Be honest: You’ve heard people say, “I liked sad Mary better.” The common sentiment is that Mary J. Blige’s music was better before she became happily married. I resent that, but maybe her pain was more raw than her love, and the art that resonated sprang from that place. Jill, by comparison, has always struck me as complete in her personhood. Her joy emotes just as vividly as her hurt. “It’s just me / one is the magic number,” she sang back in 2000. I bought that just like I dug it when she sang, “You’re here, I’m pleased / I really dig your company” to a dude she just wanted to take a long walk around the park with.
People are allowed to change and grow, and Jill has done me the service of bringing me along on her journey. Around 2008, she announced that she was engaged to her drummer. The relationship ended shortly after their son was born in 2009. I think we all know not to mix love and work, but Jill did it anyway. She followed her heart, sh-t got messy, and she kept her head high when she realized she’d have to be a single mom. Jill never sold me an infallible brand; she told me she was “beautifully human,” like me and you.
In this regard, Scott is different from female artists who commodify their lives, even down to their marriages. There are no writing camps crafting her songs by committee, as in the case of a Beyoncé or a Rihanna. When she wants to release an album, she does not lead it with a stint on a reality show like K. Michelle. Jill has no gimmicks; she simply articulates the complexities of the heart. And this is not shade; it’s just why it’s easy for me to look at Jill as an honest homegirl, as a godmother, as a griot. Jilly from Philly is Crown Royal on ice in an empty, vodka-soda world. On “(So Gone) What My Mind Says,” she tells us, “You’re gonna hear the pages turn.” This was our signal that she was singing words that she wrote from an experience that she lived through. It was our cue to pay attention.
In college, I “talked to” a guy who was sweet, but never saw a mirror he couldn’t lose himself in. When we spoke, he’d answer my questions but would never bother to ask what I thought. I understood when Jill sang, “I’m lonely whenever you’re around.”

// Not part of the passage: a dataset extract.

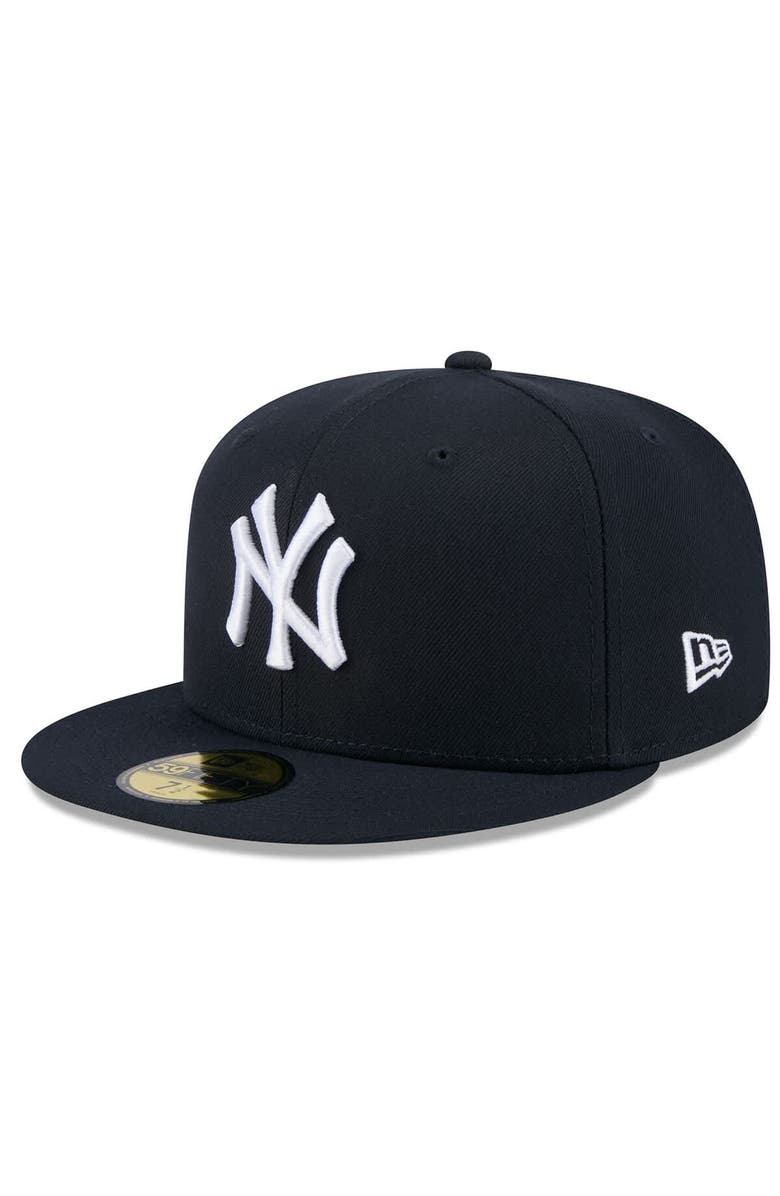 New Era Men's New Era  Navy New York Yankees 2025 Jackie Robinson Day 59FIFTY Fitted Hat, Alternate, color, 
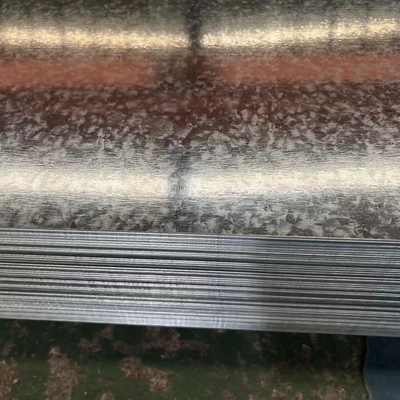 JIS G3302 SGCC DX51D Hot Dip GI Sheet Plain Sheet Width 914mm 1250mm 80g/m2 Для гофрированного листа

When I fell for a man who treated me terribly in every aspect of our relationship but one, I understood when Jill sang, “Why does my body ignore what my mind says? / I try to keep it intact, but I’m here in this bed.”
And now, when I hear “He Loves Me (Lyzel in E Flat),” I’m sure she’s singing about a love I’ll understand one day, too. After all, she committed herself to it again.
And so, am I happy for Jill and her new marriage? Absolutely! But not in the way most women are when a friend gets married. It’s not like, She made it! Or like someone saved her from singledom. It’s more like, she’s starting a new chapter. I can hear the pages turn. And hopefully, as she grows through this new phase, she’ll keep sharing those lessons with me, too.